See merge request gitlab-org/gitlab-ce!31996

7 files changed, 70 insertions, 5 deletions

diff --git a/changelogs/unreleased/oauth_bypass_two_factor.yml b/changelogs/unreleased/oauth_bypass_two_factor.yml
new file mode 100644
index 00000000000..7261e65a9f3
--- /dev/null
+++ b/changelogs/unreleased/oauth_bypass_two_factor.yml
@@ -0,0 +1,5 @@
+---
+title: Add option to allow OAuth providers to bypass two factor
+merge_request: 31996
+author: Dodocat
+type: added
diff --git a/config/gitlab.yml.example b/config/gitlab.yml.example
index 973c2747838..20b1020e025 100644
--- a/config/gitlab.yml.example
+++ b/config/gitlab.yml.example
@@ -780,6 +780,14 @@ production: &base
     # (default: [])
     external_providers: []
 
+    # CAUTION!
+    # This allows users to login with the specified providers without two factor.
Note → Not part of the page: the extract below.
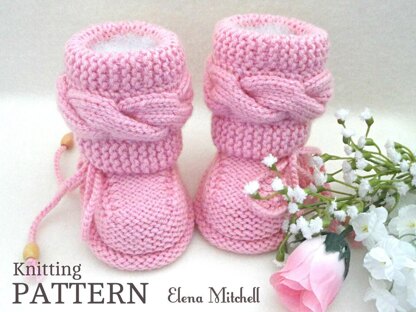 Pattern Knitted Baby Booties Walk in The Rain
Define the allowed providers
+    # using an array, e.g. ["twitter", 'google_oauth2'], or as true/false to allow all providers or none.
+    # This option should only be configured for providers which already have two factor. 
+    # This configration dose not apply to SAML.
+    # (default: false)
+    allow_bypass_two_factor: ["twitter", 'google_oauth2']
+
     ## Auth providers
     # Uncomment the following lines and fill in the data of the auth provider you want to use
     # If your favorite auth provider is not listed you can use others:
diff --git a/config/initializers/1_settings.rb b/config/initializers/1_settings.rb
index fdc6b0a05ab..81433b620bc 100644
--- a/config/initializers/1_settings.rb
+++ b/config/initializers/1_settings.rb
@@ -84,6 +84,7 @@ Settings['omniauth'] ||= Settingslogic.new({})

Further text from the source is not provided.